New Bainbridge park commissioner is no-show at most meetings

Now you see him, now you don’t.

That’s been the case since Michael Pollock joined the board of commissioners for the Bainbridge Island Metropolitan Park & Recreation District as its newest member in January.

Pollock has missed more meetings than he has attended since the start of his term this year.

According to a review of the official minutes of commission meetings, Pollock has missed 11 of 21 park board meetings through November, including an intensive budget workshop as well as the meeting last month where commissioners approved the park district’s budgets for 2019.

His absences started his very first month as a park commissioner and have followed a predictable pattern; he attends the first meeting of the month, but always misses the second one, held every third Thursday.

Pollock said this week he has an ongoing commitment on the third Thursday of every month, and it can’t be changed.

He said that commitment was religious in nature, and declined to offer any other details.

“It’s a personal commitment,” he said.

Pollock was elected to a six-year term in November, unseating longtime incumbent Kirk Robinson for the Commissioner Position 5 on the board.

While he attended the first meeting in January, where he was sworn in, he missed the next meeting, one that included training on Washington state’s public access laws. (District records indicate he finished the required training online.)

At the next meeting in early February, he announced his conflict with the board’s meeting schedule. Pollock asked his fellow commissioners to change the second meeting date, but the board wasn’t willing.

“I didn’t realize there was so little flexibility,” Pollock said.

Pollock said he also suggested that the board meet just once a month. That idea also went nowhere.

“In my opinion, we could consolidate the meetings and we wouldn’t be missing much,” he said.

After skipping the late March meeting, and the late April meeting, records show, Pollock returned to the board for the first meeting in May and asked commissioners to consider moving the park board’s meeting from the district’s headquarters hub at Strawberry Hill Center to Bainbridge Island City Hall, and also asked that the meetings be taped and shown on television.

Commissioners objected to changing the longtime location for its meeting, and noted the disruption it would cause to staff to move everyone down to city hall for meetings, as well as the confusion it would cause the public, which often mistakes the park district as a part of municipal government. Others questioned the cost of filming meetings and said it wasn’t necessary.

Pollock said everything that he has brought up as a solution, or a partial solution, was “rejected almost out of hand” by his fellow board members.

“That’s how it is. It’s 4 to 1. That’s how democracy works,” he said.

When asked if the missed meetings had impacted the quality of his public service, Pollock said he was giving “110 percent.”

And when reminded that the board meetings give residents the unique chance of addressing the park board as a whole, in public, Pollock downplayed the public’s interest in the meetings.

“Honestly, the attendance at these meetings is pretty minimal,” he said. “It’s not like we’re getting a big stand-up crowd every night.”

“I don’t think attending the meetings, per se, is really as much as an issue as keeping the pace with the issues,” Pollock said, and added that he has spent a significant amount of time researching specific topics that have come before the board.

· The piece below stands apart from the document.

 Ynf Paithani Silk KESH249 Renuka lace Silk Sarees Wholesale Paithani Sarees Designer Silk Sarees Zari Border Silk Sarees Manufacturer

He also noted that he’s kept up by using social media, having one-on-one conversations with islanders, or small group sessions, and talking with park staff and his fellow commissioners.

Pollock is not a newcomer to serving as an elected official. He was a Bainbridge councilman from 1999 to 2003.

He said his outside commitment for the third Thursday of every month predates his joining the parks board. It didn’t come up during the campaign, he said, because he figured he could get the second meeting date changed.

Pollock said he expects to continue missing the second meeting of each month through the rest of his term.

“Any other day or another time on most days, I would be able to attend,” he said.